Adding a hide-and-seek element to the show, Ulrich and co-creator Ivan Gaskell cleverly inserted a number of “guest objects” into regular displays at the Collection of Historical Scientific Instruments, Harvard Art Museums/Arthur M. Sackler Museum, Harvard Museum of Natural History, Houghton Library, the Peabody Museum of Archaeology and Ethnology, Schlesinger Library, the Radcliffe Institute for Advanced Study, and the Semitic Museum.

In the Museum of Natural History’s Glass Flowers gallery, intricate replicas of 847 species of plants handcrafted by 19th century glass artisans double as works of art. Nestled in the corner, a Louis Comfort Tiffany floriform vase, circa 1900, from Harvard Art Museums/Fogg Museum fits seamlessly into the collection.

Next door in a case in the museum’s Mineral Hall, one could easily mistake what appears to be a gray stone. But upon closer inspection, the calcified specimen, normally found in Harvard’s Countway Library of Medicine, is a bladder stone removed from a man in 1809.

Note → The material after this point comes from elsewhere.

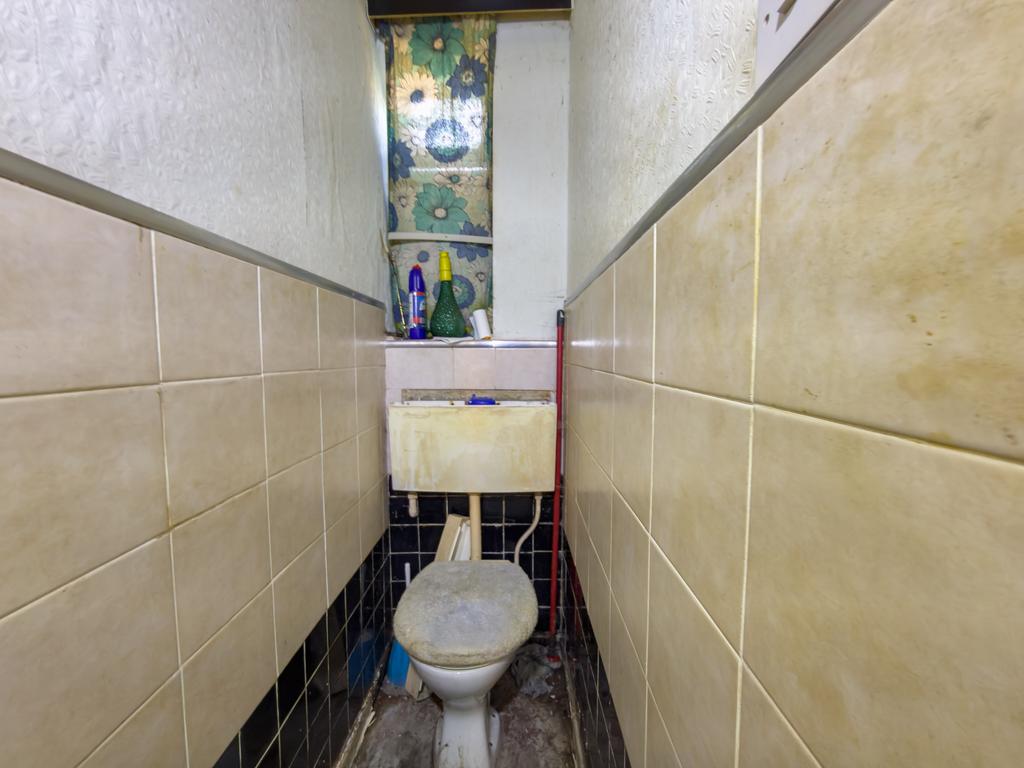 IMG 8819 T202512101822.jpg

Viewing an object from multiple perspectives helps students to engage, challenge their assumptions, explore history more deeply, and make connections between disciplines, said Gaskell and Ulrich. The exhibition and course are based on their work over the past several years with similar undergraduate and graduate seminars that explored how to write history from tangible things. Several items in the exhibit are objects studied by their earlier students.

“We want to encourage students to think about what purpose categorizations serve, how do they function, how do they enable us to make knowledge claims, but how do they also inhibit us,” said Gaskell, Margaret S. Winthrop Curator and senior lecturer on history.

“It’s a question of human imagination,” he added, “of not taking the line of least intellectual resistance.”

A close-up of a Hughes-type printing telegraph by Louis-Clément Breguet, c. 1875.

In the class, students are required to visit exhibits weekly. “Mostly we want you to look,” notes the syllabus. In addition, course participants are required to write two short papers and produce a final project based on a reinterpretation of objects in the exhibit.

The class has been a runaway hit. Last month organizers were forced to relocate its weekly lectures to a larger auditorium to accommodate the 250 students who signed up.

“I just wanted to jump into the class right away because I absolutely love the museum collections at Harvard,” said sophomore and organismic and evolutionary biology concentrator Joseph Brancale.

After reviewing a selection of personal items that Gaskell and Ulrich brought to class earlier in the semester, including a starfish, a bronzed baby boot, and a Russian icon, Brancale said he noticed “discrepancies between the [established] categories.”

“If you look at the underside of a starfish and you see the radial symmetry and all the little patterns. … You can apply that to art later on.”

At its core, the class and exhibit, said Gaskell, reflect human interaction.

“If we can help students, and anyone who is interested, to appreciate the role of things in human interactions more fully, how those relationships change over time, and how we can understand not only other people who are our contemporaries, but also those who lived before, then I think we will have done our job.”

If you look at the underside of a starfish and you see the radial symmetry and all the little patterns. … You can apply that to art later on.”